Mystery is often found in the simple but slightly odd song titles. English translations of various track titles give, ‘you swallowed the gum’, ‘leak’, ‘a tear from the sun’, ‘raising the trophy’ ‘digging dimensions’, ‘the owner’, ‘the decapitated hen’ and ‘the trap is exposed’. All denote striking images, metaphysical hints and emotional cues or simple, even childlike actions. Though Fratti and Tosta don’t reveal its provenance, the album’s title could even be a crafty play on words: the listener would be forgiven in thinking the moments of brash contrast and eyebrow raising theatricalism in the music constitute a musical nod to German punk chanteuse, Nina Hagen.
On Hagen, singer and cellist Mabe Fratti once again displays her brilliant knack of speaking to us directly. There is never the suspicion of her playing to the gallery, and the directness of many of the lyrics don’t allow it. Parallel to this, Fratti has an almost magical ability to give Hector Tosta’s melodies, and her and Tosta’s lyrics ones imbued with an insight and meaning that feels otherworldly. Tosta admitted it was “pretty wild to hear Mabe take the interpretations to a different place” and the listener can pick up on the delight Fratti takes in (literally) adding a voice to the many narratives.
Two examples can be shown here: ‘Gotera’ (Leak) uses harsh slashes of cello and tough, gunfire-like guitars and drums and multiple vocal lines that could be acting as a Greek chorus. They play off brilliantly against Fratti’s soft, slightly baleful vocal take that delivers lyrics such as: ‘nobody knows where the leak is / but I know where it is / they fight in front of the door and / nobody can go in’. With ‘La Gallina Degollada’ the somewhat blithe melody melody line, sung with what could be sarcastic brio by Fratti, plays against an itchting rhythm and rasping guitar part. The punch comes when you see that the song is about a chicken that has been decapitated and read lyrics such as: ‘I already saw it, it moved, the decapitated chicken’ / ‘could it be that I'm broken’ and ‘Two people hurt each other by thinking that they no longer agree’/ ‘Hours pass and the chicken represents what scares me’.
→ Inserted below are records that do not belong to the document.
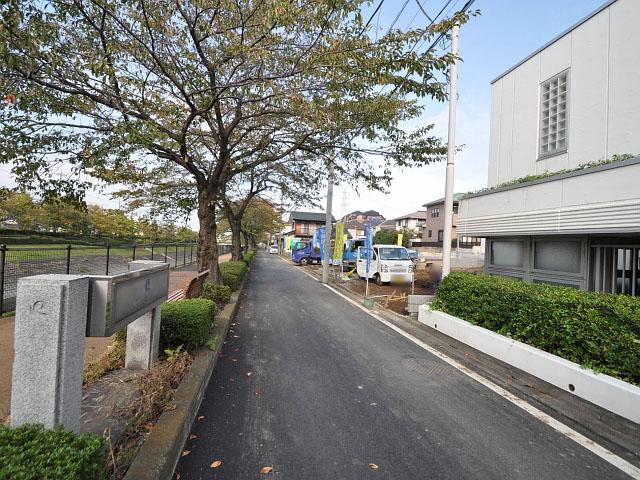 Local photos, including front road. Tama ShiKiyoshikeoka 1-chome contact road 13 / 10 / 31 shooting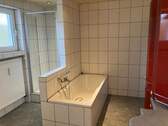 Badezimmer Wanne/Dusche - Mehrfamilienhaus, Wohnhaus mit 140,00 m² in Geroldsgrün zum Kaufen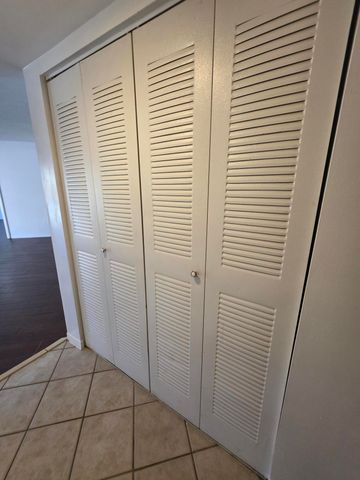 4175 N Haverhill Road 907, West Palm Beach, FL 33417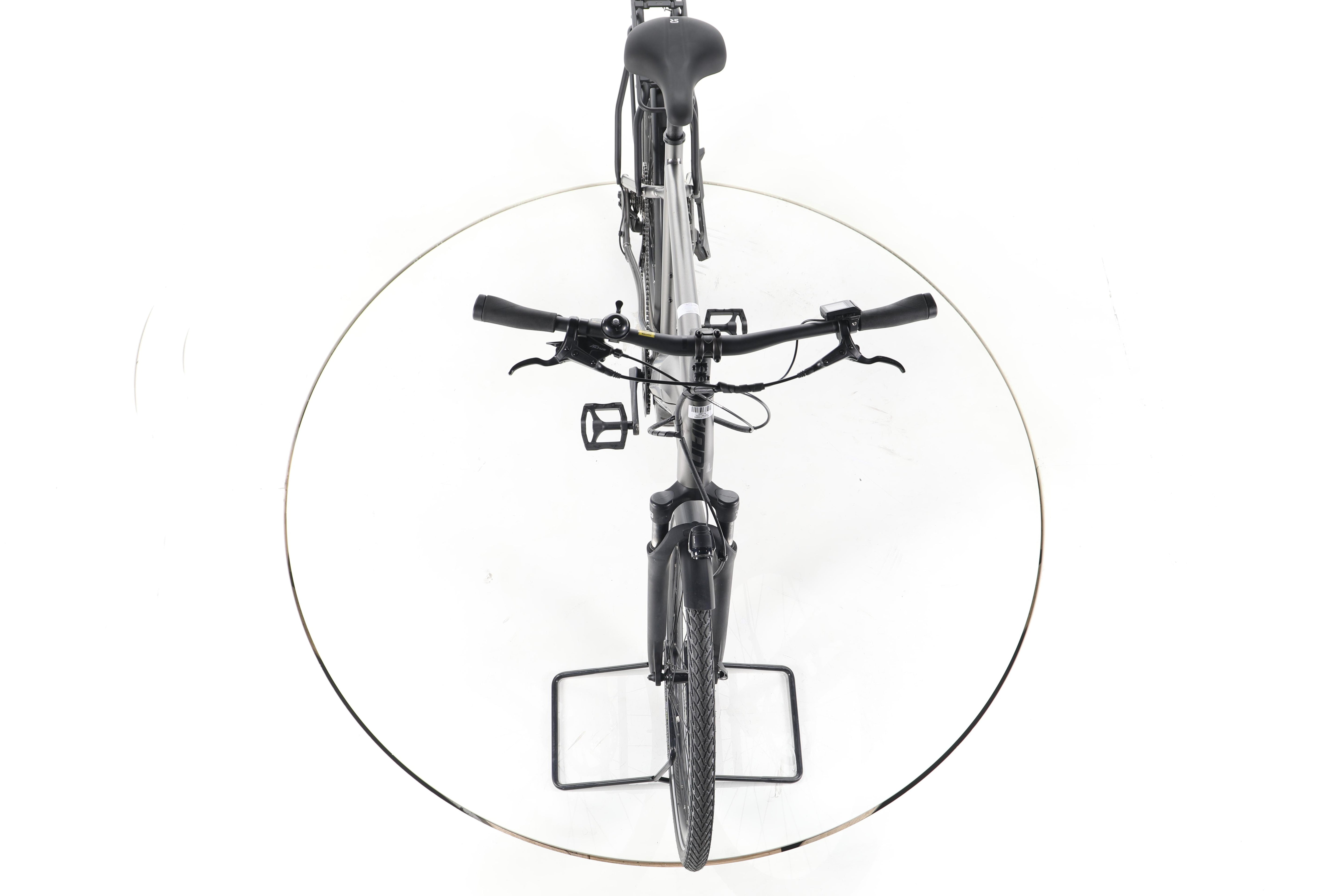 Giant Explore E+ 3 Trekking E-Bike - Image 16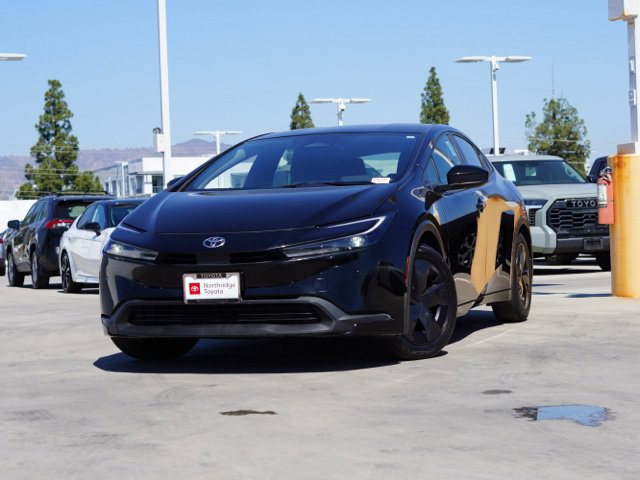 Used 2025 Toyota Prius LE FWD image 3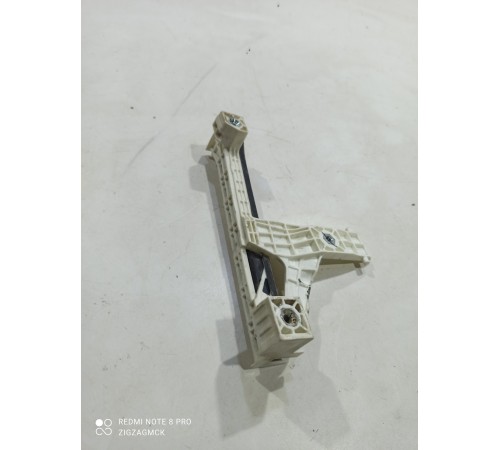 Направляющая стекла(задняя левая)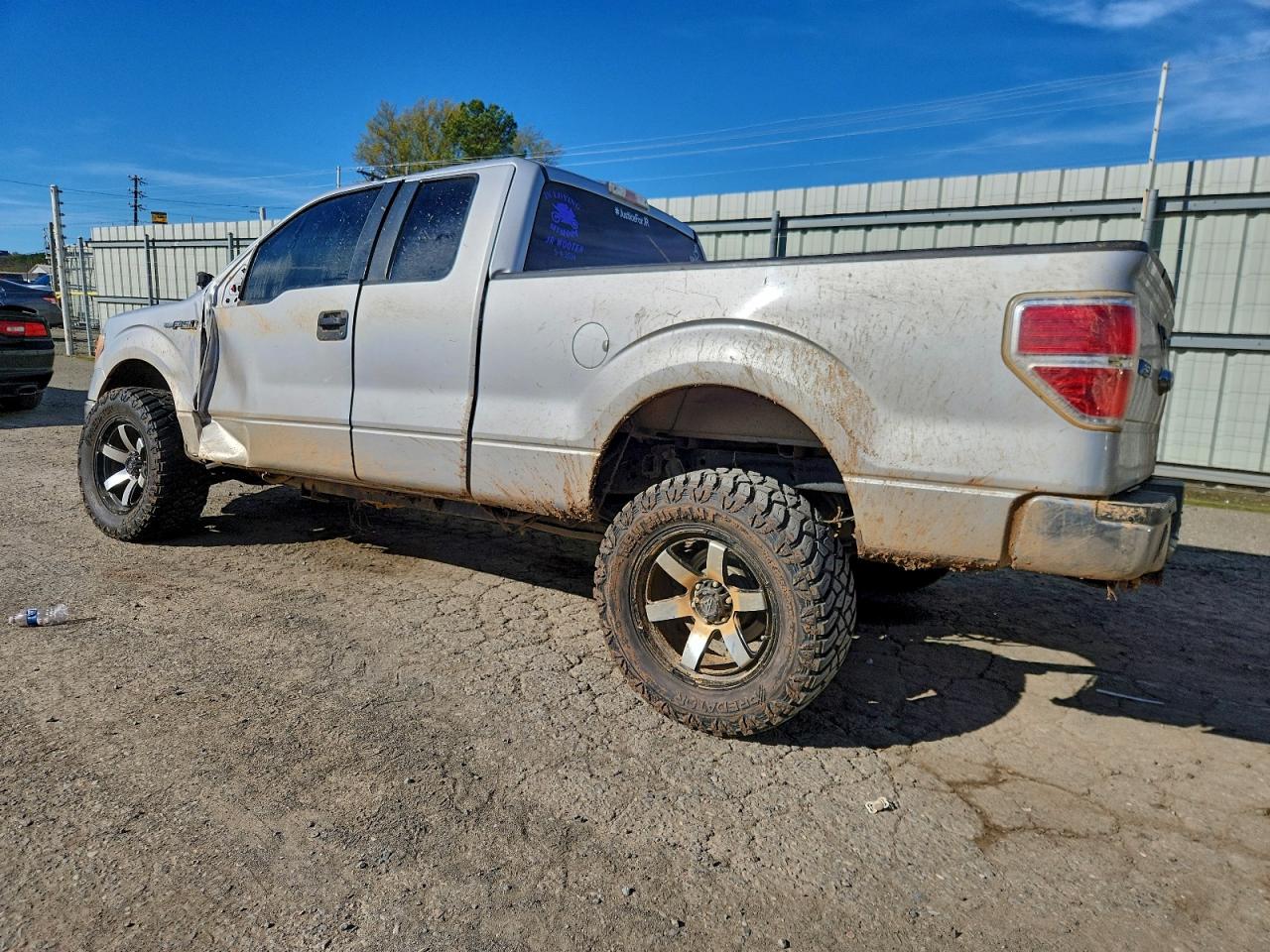2014 FORD F150 SUPER CAB photo 2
There may be death and fights to deal with, but there is also a quality of chirpy self-reliance about Hagen that is a key part of its nature. Like Betty May and her colourful outfits, Hagen’s sound often revels in its own sense of richness. Throughout, the record delivers vaulting string sections or glutinous guitar squeals that could, like the powerful, driving ‘Escarbo Dimensiones’ (Digging Dimensions) have come directly from a glossy 1980s TV series. Fratti sees this “glam sound” developed by Tosta on the aforementioned track and ‘Te Tragaste el Chicle’ (You Swallowed The Gum), as moments that were truly “revealing” for the album as a whole during its making.
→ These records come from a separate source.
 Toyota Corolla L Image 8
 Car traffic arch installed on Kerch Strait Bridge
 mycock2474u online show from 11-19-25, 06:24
What else? The thud and thump of ‘La Trampa Sale’ (The Trap is Exposed), and its sudden change of tempo and mood betrays a monstrously ambitious piece of music, the players almost greedily creating the sounds. Other moments are heart wrenching: ‘Libra’ ends on a poppy chord switch that cleverly ramps up the emotion inherent in the music’s notation. You could almost imagine a teenager in a bedroom forty years ago, rewinding the track over and over on a small, cheap cassette player, unable to get enough of that sugarsweet switch. Elsewhere, Oneohtrix Point Never adds stardust and an unearthly sense of space on the changeable, slightly moody meditation, ‘Pájaro de Fuego’ (Firebird). The record ends with ‘Alzando el Trofeo’ (Lifting the Trophy), a track that could soundtrack a state wedding, what with its beautiful cascading piano parts, a sugary vocal and short triumphal guitar riffs that add a rich patina to the overall sound. Fratti: “When I doubled those vocals on ‘Alzando el Trofeo’ I felt there was an epiphany happening, right at that moment.”
Making a good record is a team game. Tosta and Fratti recall seeing Randall from Circular Ruin Studios in NYC “tweak the drums in ‘Libra’ to make that amazing effect of the gated reverb”, or the shaping of ‘Gotera’, “when (recording engineer) Nate Salon added some synths to the track.” Drummer Eli Keszler, “an amazing and versatile player” had the songs down pat in a couple of days” and, according to Tosta, Oneohtrix Point Never “just came to one of the sessions and we hung out, and after all the recordings he and Nate were together in some studio and out of nowhere they sent us some beautiful tracks for ‘Pájaro de Fuego’! Fratti concurs. “He decided that he wanted to record because he was listening to the record (Nate works closely with him) and he really liked it! It was a total honour, indeed!”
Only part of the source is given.